The reviewed literature depicted that in a project-based organisation (PBO), the achievement of long term competitive advantage is one of the essential goals in large public and private organisations that lead to the modifications in management practices of new modes of operations. The transition from traditional to optimised project management techniques in government organisation not only involves the management’s change of mindsets, but it also requires changes in operational compatibilities of human resources.
The successful progress of any organisation requires the adequate performance of Human resources as an integral component of organisational resources and capabilities. The studies of Hayton (2005), Peiseniece and Volkova (2010), and others have convincingly declared human resource management (HRM) as one of the most critical management functions as a driver of the value chain.
Project management is one of the contemporary management approaches with more concentration on achieving a single objective. With the increase in dynamics and complexity of the external business environment, the change management and project management approaches are widely used in public organisations (Kaufman and Miller, 2011).
This research proposal is based on analysing human resource challenges posed in the public PBOs during the transition phase.
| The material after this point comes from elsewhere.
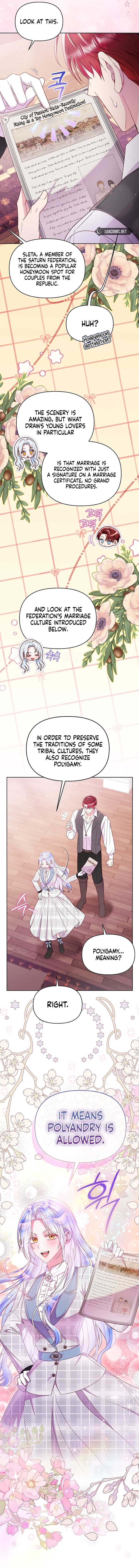 Divorce Plan Chapter 58 - Page 12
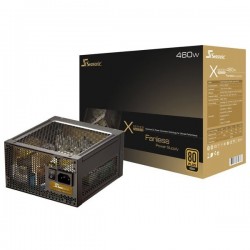 Seasonic X460FL 460W Full Modular - Gold - 5 Years Power Supply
The literature is reviewed concerning the critical perspectives of studies about challenges in achieving the dynamic performance of HR in PBOs. Further, the discussion on research methodology is part of this proposal.
Rationale of Research
According to Mathis and Jackson (2011), strategic human resources management (SHRM) is one of the essential differentiation functions of a traditional management based organisation and a project-based organisation (PBO).
Pronjogo and McDermott (2011) argued the limitations of human resource management in public organisations project management approaches. Because of the traditional approaches followed in the bureaucratic setup of government or public departments, the transition towards PBO has specific challenges related to performance and skills management, adaptation to change, and modifications of operational strategies. Therefore, it is essential to analyse these challenges given the theoretical frameworks for HRM in public sector PBOs in the United Kingdom (UK).
This research aims to cover the essential aspects of SHRM to explore SHRM challenges in increasing the HR capacity and adaptation to change resulting from the transition of public sector project-based organisations (PBO) from the traditional public sector in the UK.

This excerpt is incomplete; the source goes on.